The player starts off on the garage, where cars and parts may be purchased from the newspaper. Purchased parts must be installed by entering the hood of or going under the car and then removing a series of screws to remove parts of the engine or transmission. Then, these parts must be re-installed in order and the bolts refastened, otherwise the car will be undrivable. Installing tires can be done by simply jacking up the car, allowing the old tires to be replaced with new ones. While racing, the car will eventually run out of fuel, which the player must obtain from the gas station.

Competition to race is found by leaving the garage and going to a local diner. Races take place on either a dragstrip (drag race option) or an open country road. Wagers on the drag races can be set from "Just for kicks!" (no wager) to $10 and $50. On the road, race wagers can be set from $25 to $100 and "Pink slips" (the winner receives the loser's car). When the race starts, the player character must wait for a signal to be given to go or else he forfeits the race.

If the player character's car does not have an automatic transmission, he can either "drop the transmission" during the race while holding the accelerator and shifting gears, or "blow the engine" if the tachometer dial is in the red zone for too long. In either case, the player character would lose the bet he made and be transported back to the garage, where the car will require a new part to be able to race again.

If the player character crashes his car during a race, he can "fix it" (get the car repaired for a fee) or "junk it" (have the car scrapped and receive the scrap value). However, if he gets involved in a serious crash or the car has already been repaired several times before, he is only able to scrap the car. If the player character has no cars in garage and not enough money to buy one, the game ends. During a road race, the player character would occasionally also get chased by the police. The player can choose to keep speeding (fined up to $75 if caught) or pull over (fined $20 immediately). Getting caught by the police results in the race being forfeited, though the bet made for the race is not lost. If the player character cannot afford to pay the fine, he will be sent to prison and the game ends.

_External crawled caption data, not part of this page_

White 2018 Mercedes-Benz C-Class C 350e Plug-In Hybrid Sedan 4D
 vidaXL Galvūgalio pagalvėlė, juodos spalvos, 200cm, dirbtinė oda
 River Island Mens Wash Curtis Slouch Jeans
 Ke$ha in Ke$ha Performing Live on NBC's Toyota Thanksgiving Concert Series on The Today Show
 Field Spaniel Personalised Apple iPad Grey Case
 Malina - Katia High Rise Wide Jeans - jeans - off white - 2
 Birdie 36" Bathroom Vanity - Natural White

The player has to win a predetermined number of races to be able to challenge The King in a road race. However, this has to be done within the in-game time limit, or it's game over. Upon winning this race, the player character gets The King's car and girlfriend, becoming the new King.

==Reception==
Computer Gaming World stated that "the designers of Street Rod have a lot to be proud of ... this game can be recommended for lovers of this era of Americana".

==Sequels==
Street Rod 2 was released in 1991. The game takes place in the year 1969.

A card game based on the series was also produced by a later rights owner. A third game in the series has also been attempted by a volunteer group.